_Work instruction_
Collect all lines containing the word "against" from the data.

_Records for processing_
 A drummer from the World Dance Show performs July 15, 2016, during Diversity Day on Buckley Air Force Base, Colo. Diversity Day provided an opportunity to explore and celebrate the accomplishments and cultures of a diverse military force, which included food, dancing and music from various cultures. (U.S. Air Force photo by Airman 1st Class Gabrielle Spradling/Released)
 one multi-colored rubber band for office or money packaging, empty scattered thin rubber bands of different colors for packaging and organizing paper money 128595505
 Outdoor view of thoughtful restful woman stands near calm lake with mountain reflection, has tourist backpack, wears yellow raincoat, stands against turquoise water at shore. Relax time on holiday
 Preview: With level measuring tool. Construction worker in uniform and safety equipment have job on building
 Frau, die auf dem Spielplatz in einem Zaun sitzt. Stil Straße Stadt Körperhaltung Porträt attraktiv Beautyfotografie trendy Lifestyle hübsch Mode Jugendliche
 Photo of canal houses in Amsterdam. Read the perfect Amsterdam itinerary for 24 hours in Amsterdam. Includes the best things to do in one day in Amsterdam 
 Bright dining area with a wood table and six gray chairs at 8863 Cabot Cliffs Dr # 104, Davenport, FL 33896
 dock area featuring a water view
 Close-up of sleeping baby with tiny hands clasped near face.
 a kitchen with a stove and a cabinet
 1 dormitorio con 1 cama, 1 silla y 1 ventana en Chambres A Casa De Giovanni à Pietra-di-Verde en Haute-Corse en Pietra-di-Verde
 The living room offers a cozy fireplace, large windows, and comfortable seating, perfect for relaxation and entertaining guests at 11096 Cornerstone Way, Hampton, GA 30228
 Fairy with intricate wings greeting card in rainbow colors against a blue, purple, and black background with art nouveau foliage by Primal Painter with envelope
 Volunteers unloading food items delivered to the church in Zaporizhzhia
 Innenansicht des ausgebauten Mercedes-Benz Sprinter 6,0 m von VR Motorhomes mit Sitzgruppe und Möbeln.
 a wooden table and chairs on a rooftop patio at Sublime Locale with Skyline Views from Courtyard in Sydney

_Result of the task_
 Outdoor view of thoughtful restful woman stands near calm lake with mountain reflection, has tourist backpack, wears yellow raincoat, stands against turquoise water at shore. Relax time on holiday
 Fairy with intricate wings greeting card in rainbow colors against a blue, purple, and black background with art nouveau foliage by Primal Painter with envelope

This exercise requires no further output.